[Task material Boundary: Start]

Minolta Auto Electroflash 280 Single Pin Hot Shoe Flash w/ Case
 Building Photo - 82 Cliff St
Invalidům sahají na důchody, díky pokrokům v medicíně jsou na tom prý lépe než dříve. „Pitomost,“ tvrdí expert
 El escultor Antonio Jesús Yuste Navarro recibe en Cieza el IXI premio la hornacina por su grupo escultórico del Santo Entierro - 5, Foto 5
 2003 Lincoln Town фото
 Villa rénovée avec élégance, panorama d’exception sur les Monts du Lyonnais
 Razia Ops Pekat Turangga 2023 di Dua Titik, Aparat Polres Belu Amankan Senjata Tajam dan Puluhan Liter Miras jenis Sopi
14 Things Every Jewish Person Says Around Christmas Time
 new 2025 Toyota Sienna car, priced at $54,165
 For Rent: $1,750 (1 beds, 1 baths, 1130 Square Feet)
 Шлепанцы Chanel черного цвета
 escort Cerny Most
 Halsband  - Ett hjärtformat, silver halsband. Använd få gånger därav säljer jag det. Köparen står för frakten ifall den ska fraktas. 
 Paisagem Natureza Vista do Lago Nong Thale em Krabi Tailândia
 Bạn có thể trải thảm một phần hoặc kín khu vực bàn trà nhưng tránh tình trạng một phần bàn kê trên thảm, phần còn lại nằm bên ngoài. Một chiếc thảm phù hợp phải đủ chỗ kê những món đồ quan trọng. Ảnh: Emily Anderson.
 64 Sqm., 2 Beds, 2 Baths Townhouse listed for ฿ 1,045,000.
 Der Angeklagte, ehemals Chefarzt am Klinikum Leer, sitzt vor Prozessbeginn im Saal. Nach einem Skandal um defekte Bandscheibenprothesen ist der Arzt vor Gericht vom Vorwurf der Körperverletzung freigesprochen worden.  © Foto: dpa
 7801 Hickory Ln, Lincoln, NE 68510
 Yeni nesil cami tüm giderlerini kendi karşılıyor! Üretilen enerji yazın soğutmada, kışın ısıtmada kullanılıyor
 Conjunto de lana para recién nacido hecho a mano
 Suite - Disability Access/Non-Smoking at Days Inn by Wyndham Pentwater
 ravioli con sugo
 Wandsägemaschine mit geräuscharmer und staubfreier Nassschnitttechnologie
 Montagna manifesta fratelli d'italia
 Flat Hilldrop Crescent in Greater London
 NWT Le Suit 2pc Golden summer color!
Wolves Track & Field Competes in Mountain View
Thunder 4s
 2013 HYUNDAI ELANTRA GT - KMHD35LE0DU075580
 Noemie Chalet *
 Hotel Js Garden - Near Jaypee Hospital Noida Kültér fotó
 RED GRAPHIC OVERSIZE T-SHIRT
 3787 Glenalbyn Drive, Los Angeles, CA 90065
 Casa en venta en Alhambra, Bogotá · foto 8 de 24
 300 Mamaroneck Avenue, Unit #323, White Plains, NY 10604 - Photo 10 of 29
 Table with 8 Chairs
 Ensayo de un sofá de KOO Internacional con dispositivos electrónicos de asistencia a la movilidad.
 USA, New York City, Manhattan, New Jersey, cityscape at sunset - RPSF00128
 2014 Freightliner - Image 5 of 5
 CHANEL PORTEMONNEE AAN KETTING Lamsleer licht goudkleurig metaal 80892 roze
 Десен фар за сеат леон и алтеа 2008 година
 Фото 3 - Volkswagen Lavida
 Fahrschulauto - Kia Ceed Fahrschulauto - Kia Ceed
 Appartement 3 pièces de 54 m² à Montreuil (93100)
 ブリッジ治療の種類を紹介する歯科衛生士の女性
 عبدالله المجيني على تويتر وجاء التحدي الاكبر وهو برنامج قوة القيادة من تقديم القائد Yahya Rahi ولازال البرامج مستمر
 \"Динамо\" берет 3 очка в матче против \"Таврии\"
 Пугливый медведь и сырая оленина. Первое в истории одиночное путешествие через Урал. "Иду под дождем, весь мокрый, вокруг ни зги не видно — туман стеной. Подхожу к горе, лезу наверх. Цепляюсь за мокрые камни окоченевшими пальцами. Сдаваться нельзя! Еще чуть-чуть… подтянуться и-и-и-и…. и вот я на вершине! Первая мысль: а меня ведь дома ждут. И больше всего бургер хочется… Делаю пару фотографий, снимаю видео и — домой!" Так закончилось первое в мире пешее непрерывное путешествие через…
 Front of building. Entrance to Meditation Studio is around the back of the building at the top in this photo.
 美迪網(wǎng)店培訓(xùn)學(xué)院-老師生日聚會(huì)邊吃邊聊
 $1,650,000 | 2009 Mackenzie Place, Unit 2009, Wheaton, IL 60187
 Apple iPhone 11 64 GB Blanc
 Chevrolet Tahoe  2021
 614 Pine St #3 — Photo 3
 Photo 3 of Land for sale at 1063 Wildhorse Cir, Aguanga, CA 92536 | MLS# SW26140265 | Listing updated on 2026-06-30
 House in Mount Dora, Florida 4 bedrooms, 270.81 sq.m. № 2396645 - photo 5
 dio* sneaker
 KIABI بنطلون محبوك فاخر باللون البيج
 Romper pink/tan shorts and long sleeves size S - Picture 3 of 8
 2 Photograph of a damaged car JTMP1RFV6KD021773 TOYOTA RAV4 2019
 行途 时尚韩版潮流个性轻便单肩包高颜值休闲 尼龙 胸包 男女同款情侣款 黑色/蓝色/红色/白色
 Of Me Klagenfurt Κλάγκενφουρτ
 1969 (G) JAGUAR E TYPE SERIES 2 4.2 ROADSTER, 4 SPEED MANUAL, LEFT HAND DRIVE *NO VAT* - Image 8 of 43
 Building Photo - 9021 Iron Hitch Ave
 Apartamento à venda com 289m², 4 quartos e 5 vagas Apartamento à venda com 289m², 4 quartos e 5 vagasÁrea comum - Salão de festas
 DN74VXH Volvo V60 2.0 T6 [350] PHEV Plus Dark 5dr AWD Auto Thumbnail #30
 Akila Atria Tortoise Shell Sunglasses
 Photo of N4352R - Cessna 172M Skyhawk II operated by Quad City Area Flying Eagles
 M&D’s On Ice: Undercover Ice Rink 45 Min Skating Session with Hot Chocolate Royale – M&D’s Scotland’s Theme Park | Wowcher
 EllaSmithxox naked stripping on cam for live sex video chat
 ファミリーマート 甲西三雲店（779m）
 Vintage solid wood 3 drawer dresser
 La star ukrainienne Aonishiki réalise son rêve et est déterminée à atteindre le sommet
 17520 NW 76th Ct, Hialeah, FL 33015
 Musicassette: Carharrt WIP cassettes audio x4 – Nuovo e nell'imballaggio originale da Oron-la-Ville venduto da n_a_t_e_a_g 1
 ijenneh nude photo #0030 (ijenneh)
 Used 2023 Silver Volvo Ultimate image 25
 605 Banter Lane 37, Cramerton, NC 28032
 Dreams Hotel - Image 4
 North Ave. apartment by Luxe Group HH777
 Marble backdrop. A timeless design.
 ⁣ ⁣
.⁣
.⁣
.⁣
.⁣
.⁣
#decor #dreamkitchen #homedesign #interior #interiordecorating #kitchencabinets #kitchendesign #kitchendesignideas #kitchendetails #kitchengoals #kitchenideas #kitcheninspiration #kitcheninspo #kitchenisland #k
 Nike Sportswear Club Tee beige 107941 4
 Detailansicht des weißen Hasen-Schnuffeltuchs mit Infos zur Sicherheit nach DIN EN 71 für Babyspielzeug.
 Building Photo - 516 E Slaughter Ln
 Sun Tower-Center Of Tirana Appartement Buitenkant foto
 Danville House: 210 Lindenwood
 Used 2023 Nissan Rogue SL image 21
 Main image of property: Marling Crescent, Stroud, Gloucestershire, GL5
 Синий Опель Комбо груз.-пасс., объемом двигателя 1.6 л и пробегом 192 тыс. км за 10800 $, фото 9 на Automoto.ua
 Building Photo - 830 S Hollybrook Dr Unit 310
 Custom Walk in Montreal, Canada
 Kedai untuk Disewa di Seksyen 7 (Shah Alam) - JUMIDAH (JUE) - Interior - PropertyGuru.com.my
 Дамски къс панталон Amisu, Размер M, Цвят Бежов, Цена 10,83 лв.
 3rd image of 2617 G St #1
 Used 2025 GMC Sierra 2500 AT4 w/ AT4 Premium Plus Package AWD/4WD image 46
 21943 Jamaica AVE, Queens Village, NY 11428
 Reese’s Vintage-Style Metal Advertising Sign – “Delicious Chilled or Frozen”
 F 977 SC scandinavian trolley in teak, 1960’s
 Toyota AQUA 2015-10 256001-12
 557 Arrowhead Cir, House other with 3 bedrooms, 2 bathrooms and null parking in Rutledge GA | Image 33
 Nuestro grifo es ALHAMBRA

[Task material Boundary: End]

Which lines of the records above hold the word "Plus"? Copy each one out.

 DN74VXH Volvo V60 2.0 T6 [350] PHEV Plus Dark 5dr AWD Auto Thumbnail #30
 Used 2025 GMC Sierra 2500 AT4 w/ AT4 Premium Plus Package AWD/4WD image 46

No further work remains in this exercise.